There are a few things, however, for which I have LESS patience. Here are a few examples: I have no patience for people who complain and have no intention of finding a solution to their problems because it’s more fun to complain. I no longer have patience for people who worry about wrinkles – while everyone wants to look their best, me included, wrinkles have become a badge of honor to me – a badge of honor of a life well lived. I have lost my patience for people who drive distractedly. Just wait until you stop to text or call! If you miss a turn, don’t try and cross five lanes of traffic for a correction; wait until it’s safe to turn around. In the long run, what’s a few extra minutes?

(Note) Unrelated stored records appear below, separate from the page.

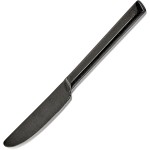 Нож столовый «Пьюр»; сталь нерж.; L=227, B=19мм; антрацит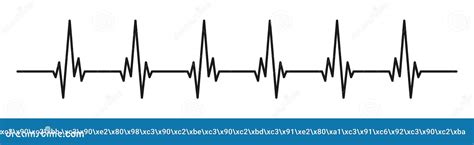 Heartbeat Line Isolated On White Background Heart Rate Or Cardiogram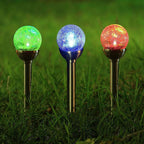 SOLAR LAMP GLASS BALL 7.5x34CM RGB Home and Garden/Lighting Your Sports Performance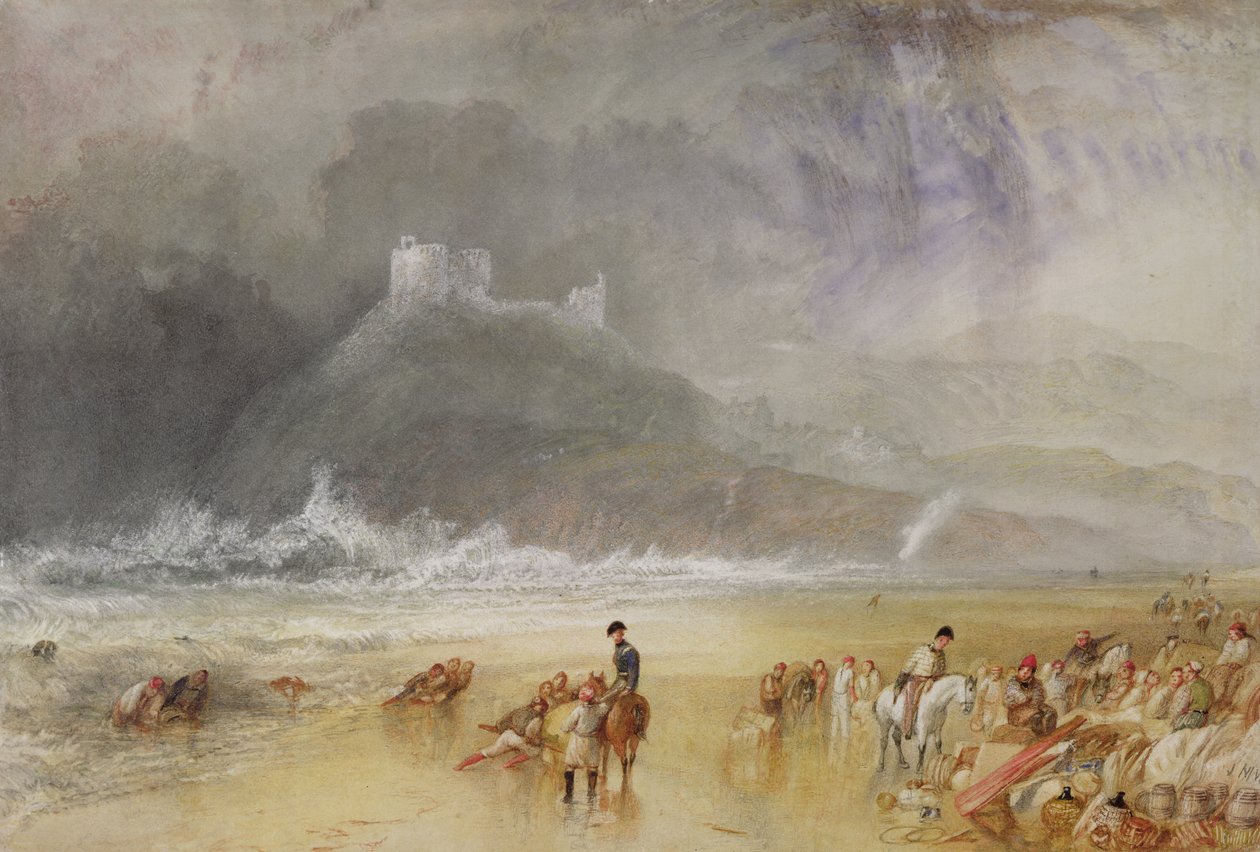 Criccieth Castle, North Wales, ca. 1835 af Joseph Mallord William Turner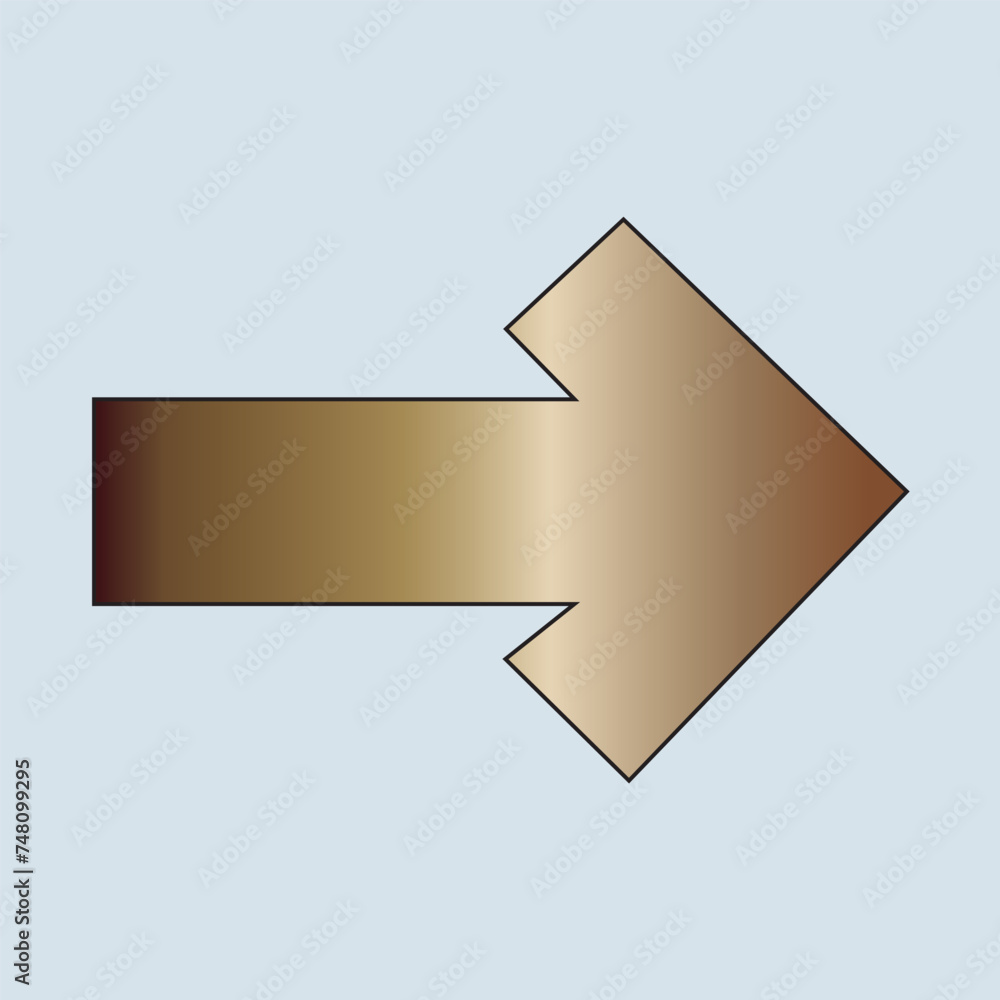 Poster arrow vector 3d button icon set color on grey background. isolated interface line symbol for app, we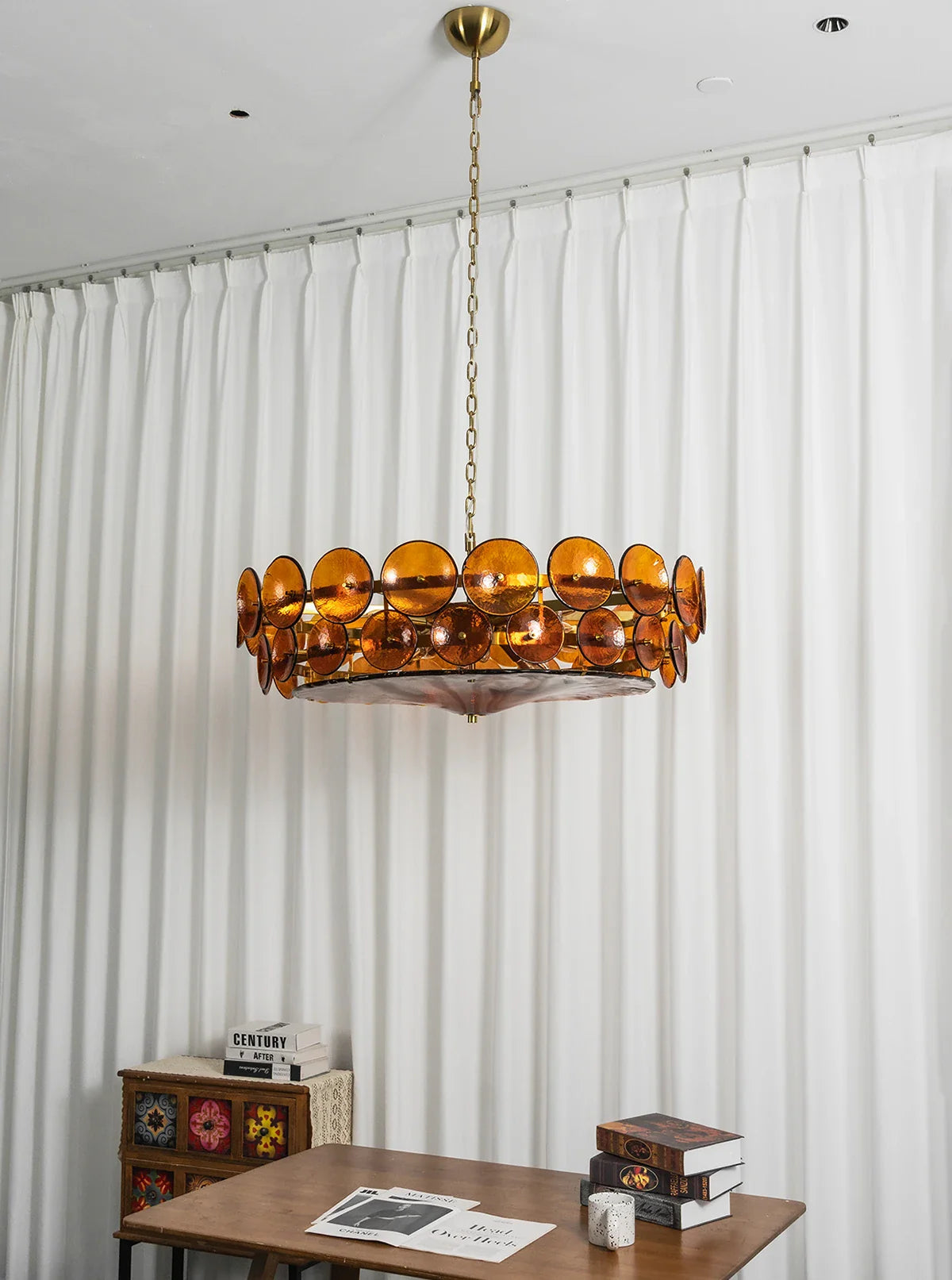 Luxe Solaris Murano Disc Chandelier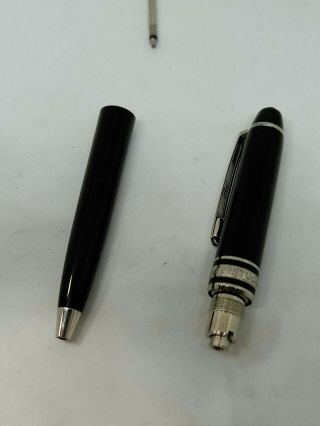 M O N T B L A N C Meisterstuck 116 Mozart Black Platinum Mini Ballpoint Pen 8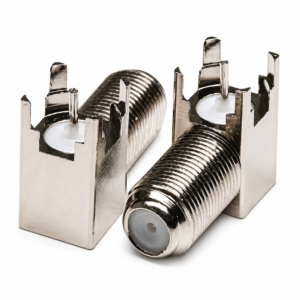 Conector Tipo F Hembra Para Chasis a 90°
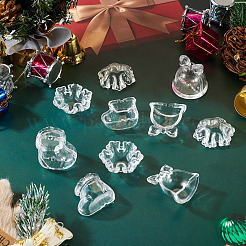 12 stücke 3 arten weihnachten thema transparent acryl perlen&nbsp;TACR-TA0001-76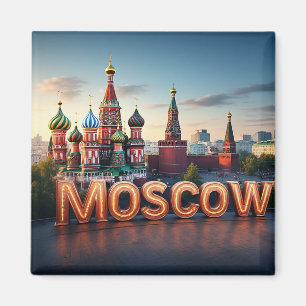 🧲 Moskou Rusland Reis Herinnering 🇷🇺 Magneet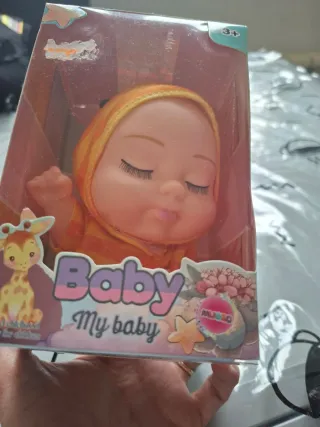 Muñeca bebé con sonido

The thing that really gets me is people who expect other people to change their circumstances. Women who expect men to make them happy or vice versa – kids who are supposed to make their parents happy, or vice versa. Each of us is in charge of our own lives. In the best case scenario, we make ourselves happy and are then lucky enough to share our happiness with someone else – a spouse, a child, a close friend. But the happiness, really deciding to be happy, is an individual choice we each have to make every day. Some days it’s easier than others, I get that. But I really have no patience for people who choose to wallow in misery or negativity. In this horrible exercise called Cancer, I’ve had a lot of dark days, but none so dark that I can’t get up and live my life the next day. That’s my favorite mantra with my son, Bailey, age 14: the greatest part about bad days is that THEY END. My friends Brian and Bonnie use the mantra all the time now, too. I have had endless support in this endeavor from wonderful friends and family who support me daily, and for this I am grateful. It seems impossible to me to wallow in lousy circumstances when there are so many people who love me and want to help me. I have been very lucky, and lucky enough to have the ability to appreciate it.
Forgive me for sounding preachy, but I think it all comes down to gratitude really. It’s okay to spend a little time mourning for the things we don’t have, but the more useful exercise is being grateful for the things we do have.
Right now I’m struggling to have patience as I wait until next week for the results of a bone marrow biopsy. I had a clean PET scan that shows no lymphoma present, and so this biopsy, which had to be repeated for accuracy, is my last hurdle. I am trying my best to fill my time with fun activities with friends and things that I love to do, including eating really good food. There is a lot to celebrate already – and I’m trying to stay focused on that as I wait. Patience… patience…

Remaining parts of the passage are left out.